The brief
Facebook advertising in 2017 was extraordinarily powerful — and extraordinarily difficult to use. The platform had become so complex that most small and medium businesses either couldn't use it properly or were wasting significant budget through poor campaign structure and targeting. Filed was built to change that.
The proposition was genuinely ambitious: an AI engine that would learn what campaigns worked in your specific industry, guide you through the process of building them, and then optimise them in real time once they were live. I worked alongside an AI specialist who built the engine itself — my role was to design everything the user actually saw and experienced.
The brand challenge
Most AdTech brands look the same — cold blues, dark interfaces, charts everywhere, language full of jargon about performance and conversion. That visual language signals credibility to enterprise buyers but it intimidates the SMB market Filed was primarily targeting.
The brand needed to feel like it was on your side — approachable and human enough for a small business owner, technically credible enough for a performance marketer. That's a harder balance than it sounds.
The brand needed to feel like it was built for people who wanted results, not people who wanted to understand algorithms.
Visual identity decisions
The most deliberate decision was the colour palette.

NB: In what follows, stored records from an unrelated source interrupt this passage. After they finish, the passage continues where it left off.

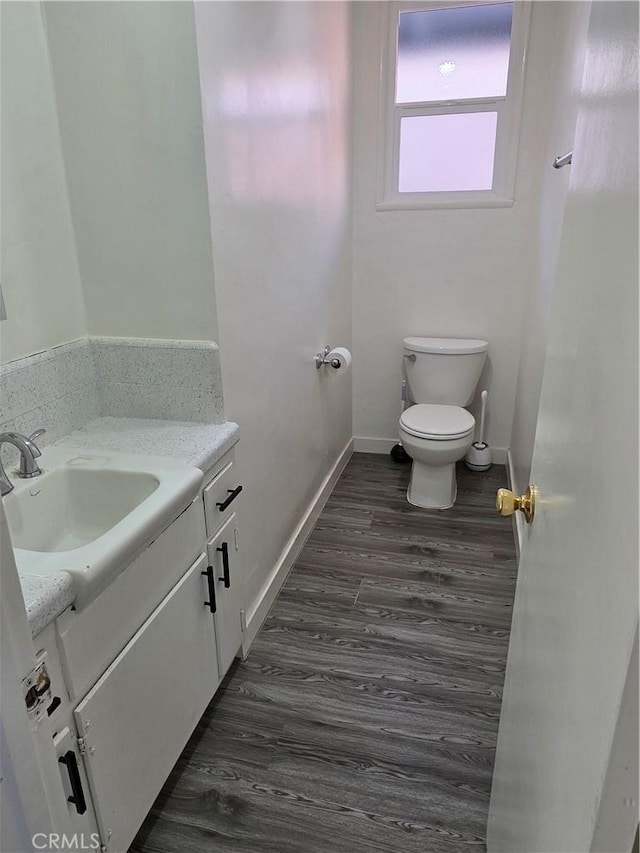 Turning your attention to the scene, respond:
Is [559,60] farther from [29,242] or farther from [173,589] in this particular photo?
[173,589]

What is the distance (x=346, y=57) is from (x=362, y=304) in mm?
1217

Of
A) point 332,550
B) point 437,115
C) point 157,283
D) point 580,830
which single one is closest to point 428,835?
point 580,830

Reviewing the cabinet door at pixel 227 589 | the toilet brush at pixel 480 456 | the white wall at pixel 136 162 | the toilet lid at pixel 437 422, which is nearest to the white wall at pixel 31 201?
the white wall at pixel 136 162

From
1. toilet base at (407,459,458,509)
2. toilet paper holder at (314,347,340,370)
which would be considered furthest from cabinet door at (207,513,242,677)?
toilet base at (407,459,458,509)

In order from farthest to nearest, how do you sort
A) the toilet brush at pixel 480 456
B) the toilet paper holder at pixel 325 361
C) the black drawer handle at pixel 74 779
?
the toilet brush at pixel 480 456 < the toilet paper holder at pixel 325 361 < the black drawer handle at pixel 74 779

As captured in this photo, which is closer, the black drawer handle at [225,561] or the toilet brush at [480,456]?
the black drawer handle at [225,561]

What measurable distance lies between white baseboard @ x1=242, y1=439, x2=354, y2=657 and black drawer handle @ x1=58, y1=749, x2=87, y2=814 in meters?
0.87

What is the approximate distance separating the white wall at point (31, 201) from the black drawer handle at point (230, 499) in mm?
648

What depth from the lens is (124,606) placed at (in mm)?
1203

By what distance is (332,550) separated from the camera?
8.55 feet

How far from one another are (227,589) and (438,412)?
1.61 meters

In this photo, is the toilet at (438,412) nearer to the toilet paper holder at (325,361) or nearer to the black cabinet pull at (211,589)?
the toilet paper holder at (325,361)

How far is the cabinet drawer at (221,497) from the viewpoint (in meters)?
1.58

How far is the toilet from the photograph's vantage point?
278 centimetres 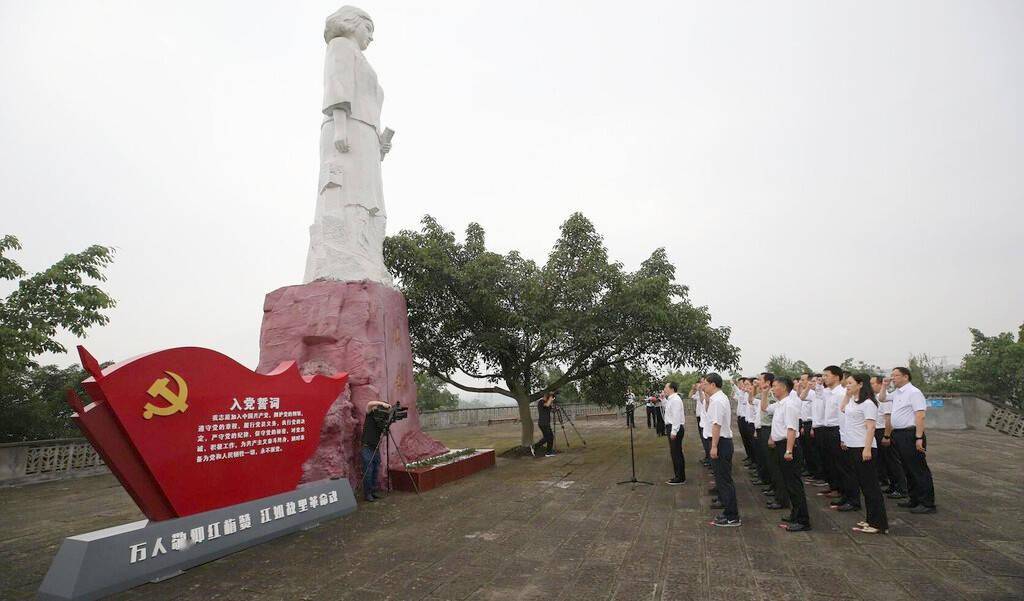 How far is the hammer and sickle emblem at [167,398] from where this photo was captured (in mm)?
4242

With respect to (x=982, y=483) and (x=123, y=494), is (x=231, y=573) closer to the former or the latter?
(x=123, y=494)

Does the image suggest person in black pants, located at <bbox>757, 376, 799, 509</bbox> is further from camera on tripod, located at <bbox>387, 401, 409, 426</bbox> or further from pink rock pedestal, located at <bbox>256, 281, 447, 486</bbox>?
pink rock pedestal, located at <bbox>256, 281, 447, 486</bbox>

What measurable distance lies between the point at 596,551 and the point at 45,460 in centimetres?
1251

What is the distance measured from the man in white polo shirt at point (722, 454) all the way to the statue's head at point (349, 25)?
8893 millimetres

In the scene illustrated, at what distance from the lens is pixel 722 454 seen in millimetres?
5320

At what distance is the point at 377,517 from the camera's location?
593cm

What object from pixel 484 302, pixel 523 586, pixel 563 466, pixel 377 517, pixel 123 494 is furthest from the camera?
pixel 484 302

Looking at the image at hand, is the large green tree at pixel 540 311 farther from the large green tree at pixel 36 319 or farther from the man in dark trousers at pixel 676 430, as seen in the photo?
the large green tree at pixel 36 319

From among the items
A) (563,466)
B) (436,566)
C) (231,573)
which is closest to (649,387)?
(563,466)

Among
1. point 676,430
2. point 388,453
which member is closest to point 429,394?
point 388,453

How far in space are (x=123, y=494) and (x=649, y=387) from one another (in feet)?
35.7

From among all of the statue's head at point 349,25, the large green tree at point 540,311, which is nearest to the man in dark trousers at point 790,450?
the large green tree at point 540,311

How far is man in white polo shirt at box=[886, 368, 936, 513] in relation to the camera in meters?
5.35

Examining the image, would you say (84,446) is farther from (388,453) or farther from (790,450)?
(790,450) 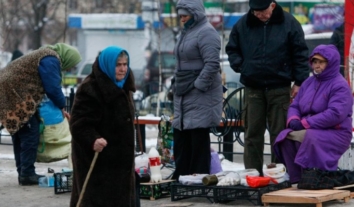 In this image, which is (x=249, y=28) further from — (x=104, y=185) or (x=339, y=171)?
(x=104, y=185)

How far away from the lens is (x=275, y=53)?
369 inches

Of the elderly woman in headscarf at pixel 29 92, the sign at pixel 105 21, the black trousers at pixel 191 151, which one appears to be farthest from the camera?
the sign at pixel 105 21

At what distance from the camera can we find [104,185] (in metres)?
7.32

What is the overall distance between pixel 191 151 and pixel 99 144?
272 cm

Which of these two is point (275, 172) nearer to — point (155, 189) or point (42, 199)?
point (155, 189)

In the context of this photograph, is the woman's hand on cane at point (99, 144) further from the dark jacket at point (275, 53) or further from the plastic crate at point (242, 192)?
the dark jacket at point (275, 53)

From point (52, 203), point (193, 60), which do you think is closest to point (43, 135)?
point (52, 203)

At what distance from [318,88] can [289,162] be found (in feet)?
2.46

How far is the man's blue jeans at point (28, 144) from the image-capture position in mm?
10398

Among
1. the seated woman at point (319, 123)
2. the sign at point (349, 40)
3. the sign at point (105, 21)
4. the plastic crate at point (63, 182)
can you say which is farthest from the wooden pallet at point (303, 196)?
the sign at point (105, 21)

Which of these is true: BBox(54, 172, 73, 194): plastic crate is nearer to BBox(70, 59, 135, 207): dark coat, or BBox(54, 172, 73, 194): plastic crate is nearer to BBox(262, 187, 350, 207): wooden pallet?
BBox(262, 187, 350, 207): wooden pallet

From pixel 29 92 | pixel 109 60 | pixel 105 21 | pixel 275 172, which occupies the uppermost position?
pixel 109 60

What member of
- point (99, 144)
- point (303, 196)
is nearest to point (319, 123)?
point (303, 196)

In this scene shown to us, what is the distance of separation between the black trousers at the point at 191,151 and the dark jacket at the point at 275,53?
2.36 feet
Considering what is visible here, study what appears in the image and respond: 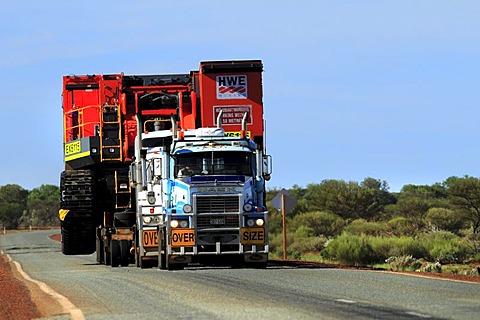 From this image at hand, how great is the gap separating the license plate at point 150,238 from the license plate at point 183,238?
6.77 ft

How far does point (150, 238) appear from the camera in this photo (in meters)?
30.3

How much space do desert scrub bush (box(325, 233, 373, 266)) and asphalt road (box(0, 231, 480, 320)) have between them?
1607 centimetres

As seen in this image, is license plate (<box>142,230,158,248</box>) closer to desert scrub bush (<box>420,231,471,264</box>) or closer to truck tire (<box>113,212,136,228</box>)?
truck tire (<box>113,212,136,228</box>)

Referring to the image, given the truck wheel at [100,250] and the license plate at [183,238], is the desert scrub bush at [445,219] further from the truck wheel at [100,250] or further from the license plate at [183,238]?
the license plate at [183,238]

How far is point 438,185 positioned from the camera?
118 m

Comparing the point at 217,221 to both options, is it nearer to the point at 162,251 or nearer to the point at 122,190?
the point at 162,251

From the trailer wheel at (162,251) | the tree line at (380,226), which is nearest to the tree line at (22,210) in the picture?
the tree line at (380,226)

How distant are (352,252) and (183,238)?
54.2 ft

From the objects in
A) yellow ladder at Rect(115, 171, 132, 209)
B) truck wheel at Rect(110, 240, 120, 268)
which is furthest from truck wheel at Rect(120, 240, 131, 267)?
yellow ladder at Rect(115, 171, 132, 209)

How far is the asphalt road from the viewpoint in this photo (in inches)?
626

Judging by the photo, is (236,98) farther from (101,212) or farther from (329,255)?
(329,255)

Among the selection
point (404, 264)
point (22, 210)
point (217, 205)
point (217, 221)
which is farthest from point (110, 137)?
point (22, 210)

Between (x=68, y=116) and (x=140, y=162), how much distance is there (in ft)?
18.3

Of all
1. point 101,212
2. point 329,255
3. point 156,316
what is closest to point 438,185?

I chose sky blue and coral — warm, energetic and distinctly human — specifically to break away from the cold corporate blues that dominated the AdTech space. The palette said "friendly and capable" rather than "technically impressive but intimidating."
Colour palette
Sky blue and coral as primary brand colours — deliberately warm and approachable, a direct departure from the cold blues and greys that most competing platforms used. Chosen to feel human first, technical second.
Typography & tone
Clean, modern sans-serif throughout — no serif heritage, no aggressive display fonts. The typographic system needed to work across marketing materials and product UI without feeling like two different brands. Language focused on outcomes, not technology.
Illustration system
Isometric 3D illustrations rather than product screenshots for marketing materials — a deliberate choice to explain complex concepts visually without exposing the product before it was ready, and to give the brand a distinctive visual style competitors couldn't easily replicate.